- **TASK ITEM**:
Give the data again exactly, without its images.

- **DATASET CONTENT**:
* * * *

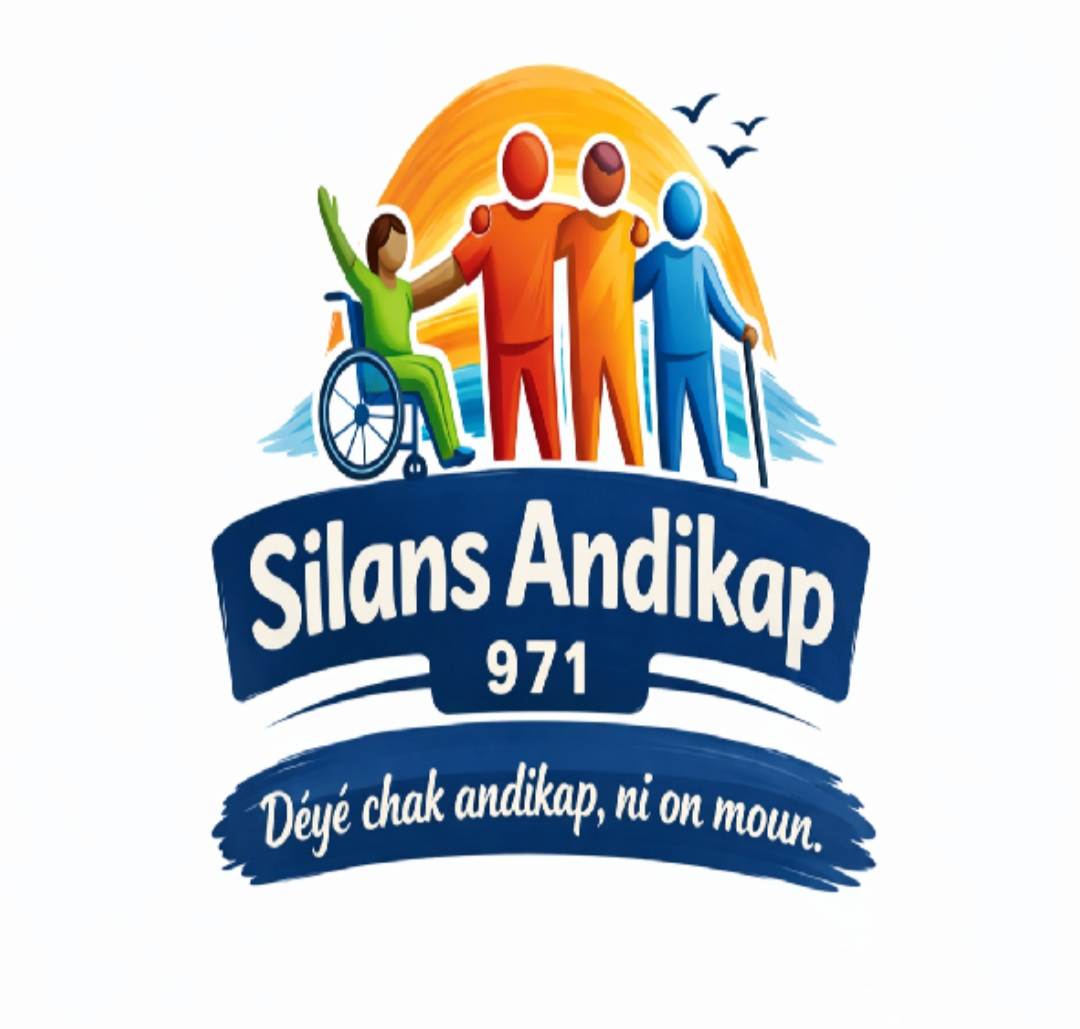Logo de Silans Andikap 971 : quatre personnes solidaires devant un lever de soleil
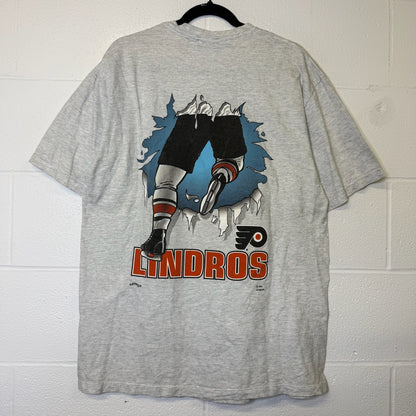 90s Eric Lindros Philadelphia Flyers NHL Nutmeg Breakthrough T-Shirt Sz L (B2868)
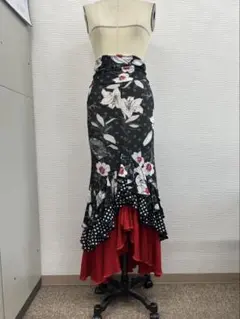 フラメンコスカート 花柄 ドット柄 フリル付き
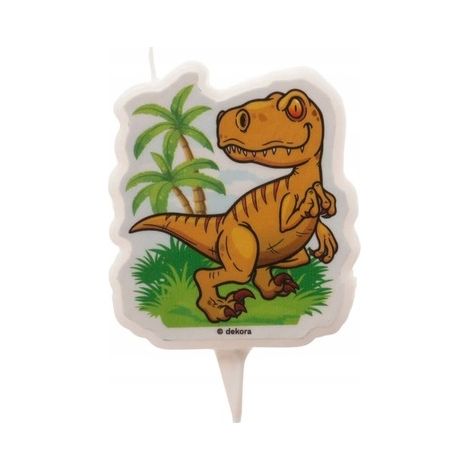 Candela per torta di compleanno a forma di dinosauro T-Rex, 7,5 cm (1/3)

* * * *

- **THE ANSWER**:
Logo de Silans Andikap 971 : quatre personnes solidaires devant un lever de soleil
 90s Eric Lindros Philadelphia Flyers NHL Nutmeg Breakthrough T-Shirt Sz L (B2868)
 フラメンコスカート 花柄 ドット柄 フリル付き
 Candela per torta di compleanno a forma di dinosauro T-Rex, 7,5 cm (1/3)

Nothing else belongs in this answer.